The $2.4B in loans issued in 2013 by Lending Club and Prosper alone is a big number, but it’s only the first straw to be placed on the proverbial camel’s back. The top five banks have a market capitalization of a trillion dollars; the next 30 banks together are worth another trillion. How big can marketplace lending get? According to our estimates, banks, credit cards and other lending institutions generate $870B+ each year in fees and interest from over $3.2T in lending activity.
That’s bigger than the automobile industry. It’s bigger than the airline industry. And it’s bigger than both of those industries combined. That’s how big marketplace lending can get.
We’ve seen consumers and fast-growing upstarts challenge entrenched industries before, either out of frustration with incumbents, or the convenience of the disruptor. Consumers tired of exorbitant and inflexible cable bills, for instance, cut their cords and turned to over-the-top services such as Netflix. Yelp offered context and convenience that the Yellow Pages never could. And after the financial crisis, credit card users exasperated by 15%-plus interest rates, depositors tired of interest rates of 0.36% on savings accounts, and investors tired of 0.12% Treasury bills started looking for alternatives – and discovered marketplace lending.
The future belongs to online marketplace platforms like Lending Club, Sofi, OnDeck, RateSetter and others that aren’t yet on the scene that will remake the industry by developing more efficient lending practices, making those products more convenient for borrowers in all verticals – from merchant cash advance to consumer.

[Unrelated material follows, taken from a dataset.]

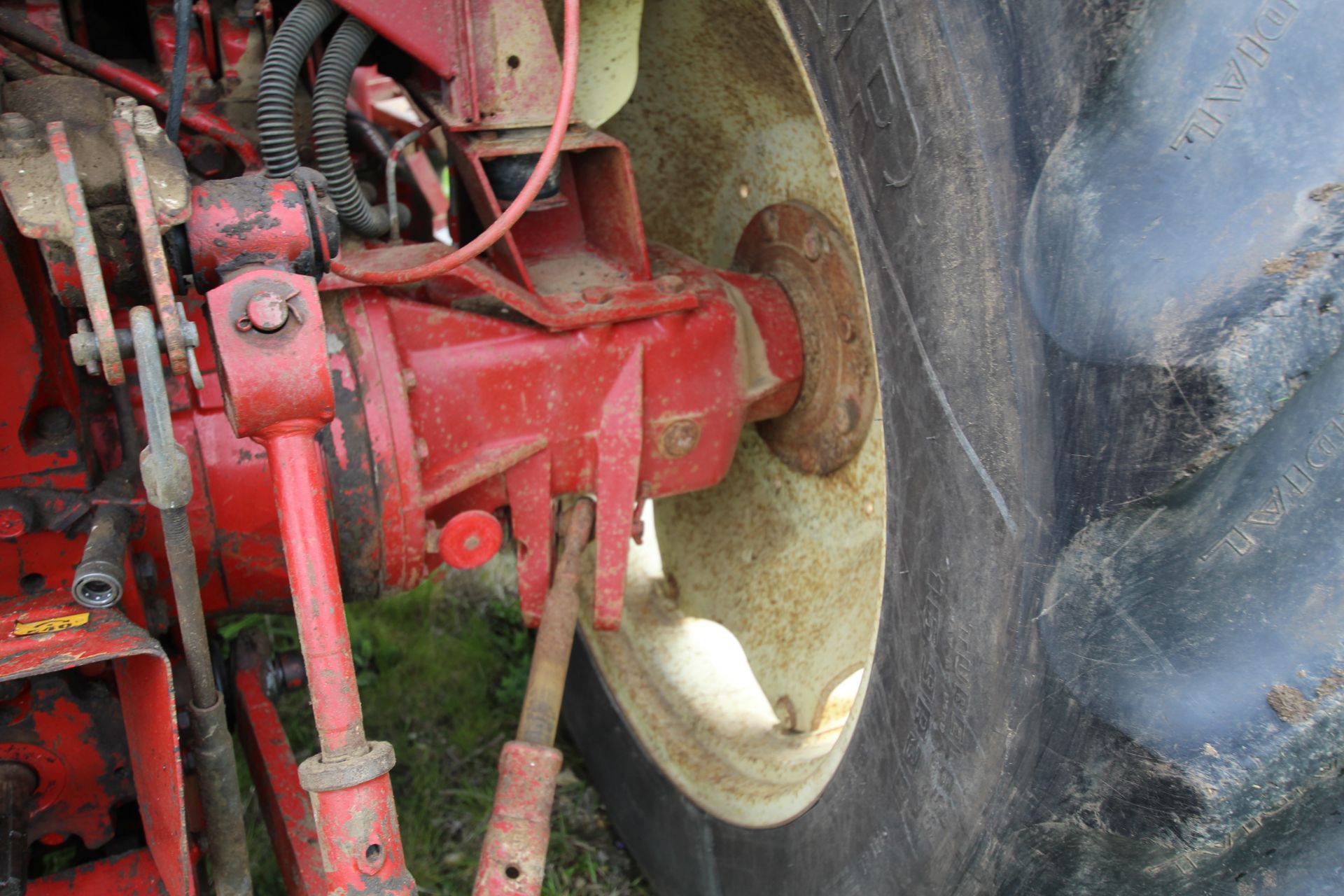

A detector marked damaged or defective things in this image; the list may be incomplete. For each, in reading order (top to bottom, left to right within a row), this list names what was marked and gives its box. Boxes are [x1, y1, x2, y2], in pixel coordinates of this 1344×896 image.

We believe marketplaces will redirect the $870B+ that retail banks charge borrowers towards better rates for borrowers and lenders while still making tidy margins for themselves.
Marketplace lending is not a radical concept – it’s a more efficient one. As new companies and marketplaces form, we expect that options for marketplace lending will develop for all manner of consumer and business loans, including consumer unsecured, real estate, education, purchase finance, business loans, and business working capital.
And this transformation is only beginning. Currently, less than 2% of lending revenue is being captured by marketplace lenders in all verticals.
Marketplace Lending’s potential doesn’t mean that retail banks will be pushed out of business. Instead, retail banks that choose to participate in the marketplace revolution will use their capital to fund loans on marketplace platforms – as banks such as Titan Bank and Congressional Bank have begun to do with Lending Club. (In South Africa, we’ve seen Barclays take a position in RainFin, in Australia, Westpac has bought into Society One, and in the UK Santander has partnered with Funding Circle.)
Instead of playing the role of intermediary, retail banks can become borrower lead generation sources and institutional investors. Other banks are starting to bring their own borrowers and capital to Funding Circle’s and Lending Club’s marketplaces to more profitably facilitate loans to their own customers.
In addition to Lending Club and Prosper, other marketplace lenders have also sprung up. These include SoFi and Common Bond for student loans and Kabbage, OnDeck, and Funding Circle for SMB loans. Even companies like PayPal and Square have started to offer direct loans to their customers. We expect more loan providers will follow, in these and other categories.